Центральный эпизод рассказа «Бабушкин праздник», объединяющий лучшие помыслы родичей, чьи жизни порой «растрепаны, как льняной сноп на неисправной мялке», чьи обиды осели в донные глубины души, — конечно, эпизод застольного пения. И аромат стряпни, и ласковые приглашения деда «Милости прошу, гостеньки дорогие!», и сам стол, воссозданный писателем с истинной роскошью словесных красок, — все отодвигается в сторону, когда в дело вступает песня. Момент очищения, оглядки на всю жизнь приходит для всех: пространство песни — тоже пространство исповеди. Она, песня, вступает дважды. В первый раз, когда поет сама бабушка, — «стоя, негромко, чуть хрипловато и сама себе помахивая рукой». Она поет песню «Течет реченька», рождая в младшей родне, подпевающей ей, волю «сокрушить все худое на своем пути, гордясь собою и тем человеком, который произвел их на свет, выстрадал и наделил трудолюбивой песенной душой».
Но подлинное очарование праздника — при всем обилии пьяных сцен, связывании соседа Левонтия, невеселой горечи похмелья! — в коллективном пении песни, «изложении» вслух мечтаний, тоски, предчувствий неволи, беды. Астафьев не вдается в детали песни, где вор в законе увлекает вписанную в банду «детку» своей тоской:
Люби меня, детка, покуль я на воле,
Покуль я на воле — я твой.
Судьба нас разлучит, я буду жить в неволе,
Тобой завладеет другой...
Вообще говоря, писатель нередко опускает реальный, часто весьма невысокий смысл вводимых в тексты блатных песен, опускает ради того, чтобы выразить наивные чувства поющих, тех, кто прилепился, не замаравшись, к такой песне.
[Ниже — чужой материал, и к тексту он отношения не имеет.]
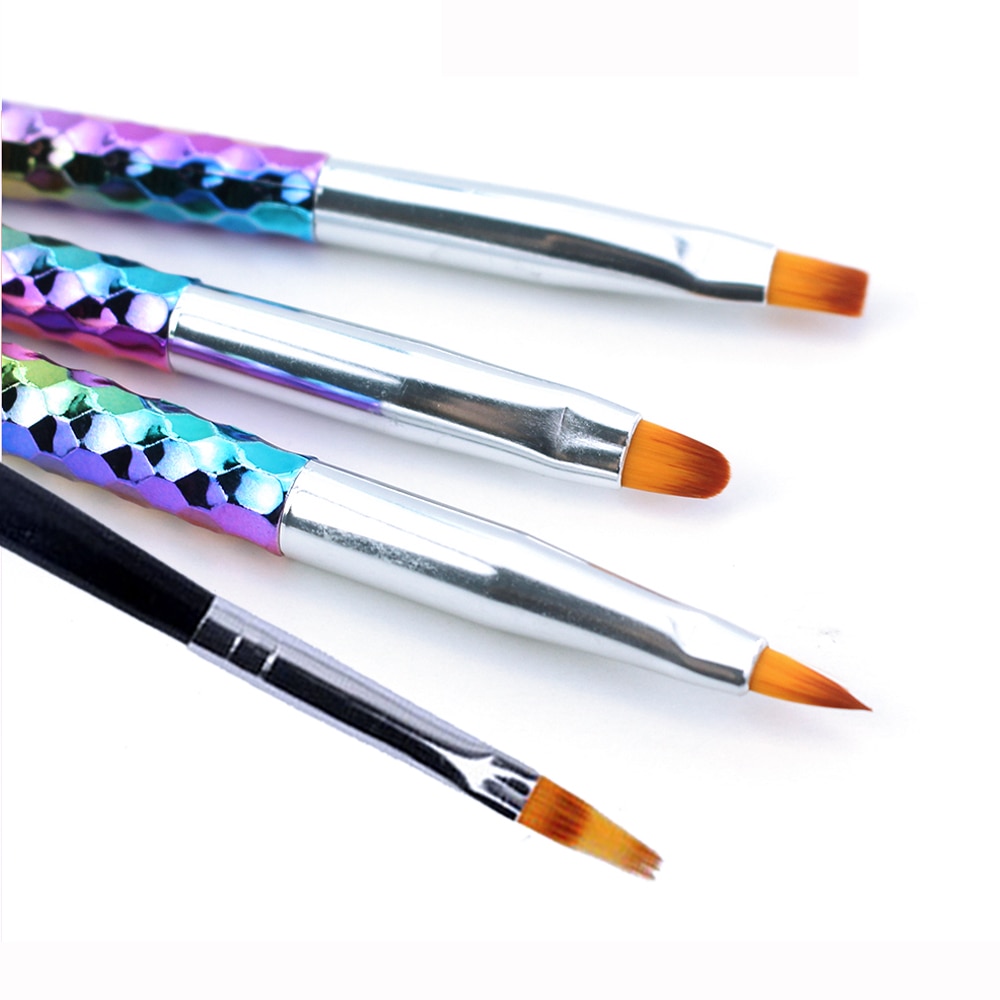 3 Stk/set Nail Borstels Voor Manicure Acryl Uv Gel Extension Pen Regenboog Voor Nagellak Schilderij Tekening Borstel Verf Gereedschap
«Пели надрывно, с отчаянностью. Даже дедушка шевелил ртом, хотя никогда не слышал, как он поет. Гудел басом вдовый, бездетный Ксенофонт. Остро вонзался в песню голос Августы. На наивысшем дребезге и слезе шел голос Апрони... Ладно вела песню жена Кольчи- младшего Нюра. Она вовремя направляла хор в русло и прихватывала тех, кто норовил откачнуться и вывалиться из песни, как из лодки. Ухом приложившись к гармошке, чтобы хоть самому слышать звук, с подтрясом, как артист, пел Мишка Коршуков» (выделено мной. — В.Ч.).